Electrical engineer and host of the science shows Mythbusters and White Rabbit Project Grant Imahara is dead at 49, the Discovery Channel said Monday.
"We are heartbroken to hear this sad news about Grant," the network said in a statement. "He was an important part of our Discovery family and a really wonderful man. Our thoughts and prayers go out to his family."
The host's cause of death has not been publicly revealed, but according to the Hollywood Reporter, he "died suddenly following a brain aneurysm."
Imahara began his career as an electrical engineer at Lucasfilm THX in 1993. In 1996, he moved to Lucasfilm's Industrial Light and Magic division. In his eight years at ILM, Imahara rose to the position of lead modelmaker, specializing in robotics and electronic and radio control. He was a chief architect of the technology behind the robot R2-D2 during the development of the Star Wars prequel films and one of only three people in the United States authorized to operate the robots used for filming.

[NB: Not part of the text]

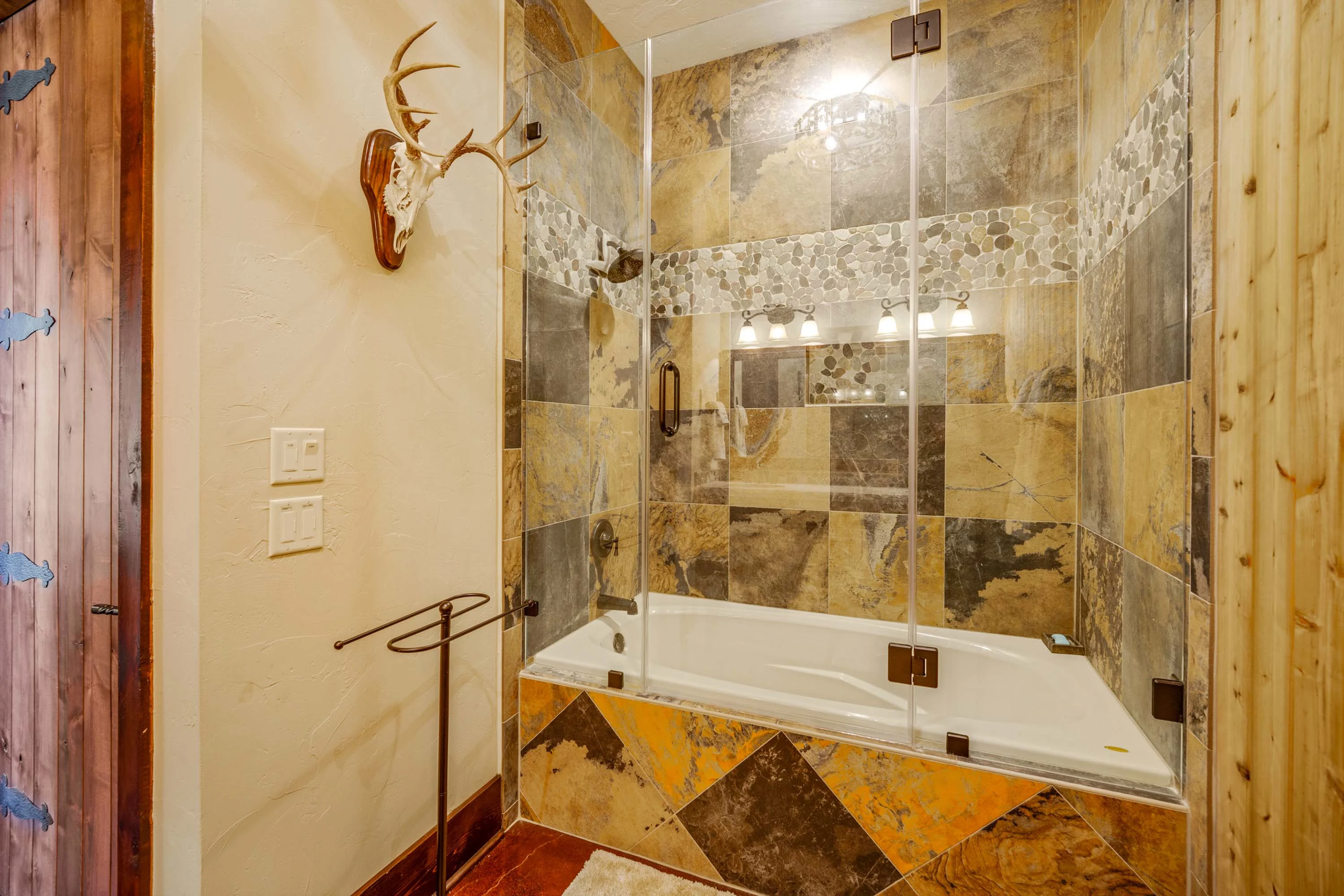 1773 County Road 101, Colorado County, Texas 78934 - 1773-county-road-101-columbus-texas19_omvcfb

Imahara joined Mythbusters, a popular reality television show where the hosts used science to disprove urban legends, in its third season in 2005. As a member of the show's "Build Team," he used his expertise in engineering and robotics debunk myths for nine years, appearing in more than 200 episodes.
In 2016, Imahara and two of his Mythbusters cohosts, Kari Byron and Tory Belleci, starred in a Netflix show with a similar premise, called White Rabbit Project.

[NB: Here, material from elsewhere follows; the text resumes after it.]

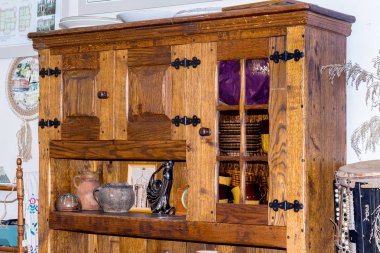 Odasındaki eski şeyler ile eski bir gardırop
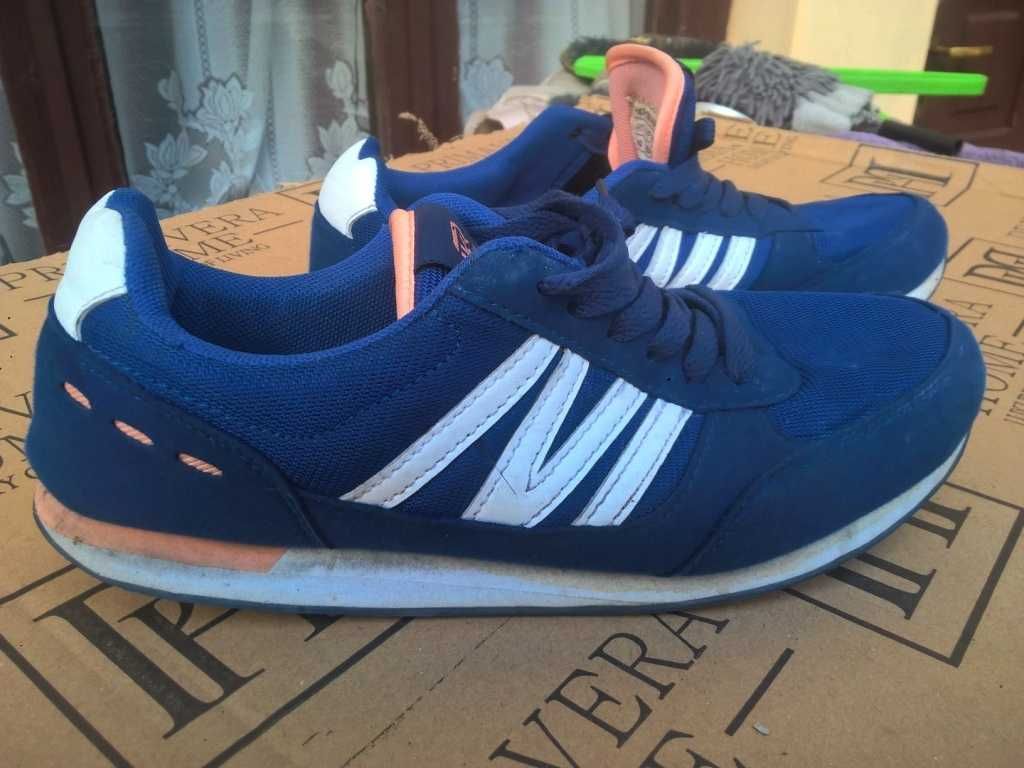 Buty sportowe HKR do biegania młodzieżowe40 B.Lekkie Wygodne Modne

His colleagues and friends expressed shock and disbelief on social media in the wake of the news.
Adam Savage, who worked with Imahara at Lucasfilm and the Discovery Channel, said he had "no words" after learning the news.
On Reddit, thousands of Imahara's fans paid tribute to his legacy, with many people commenting that watching him on Mythbusters inspired them to pursue careers in science.
"The engineering community has lost a big light today," wrote one commenter.
"[Mythbusters] would not have been anywhere near the success it was without him, and for me he embodies everything about both the show's ethos and what a true engineer should represent."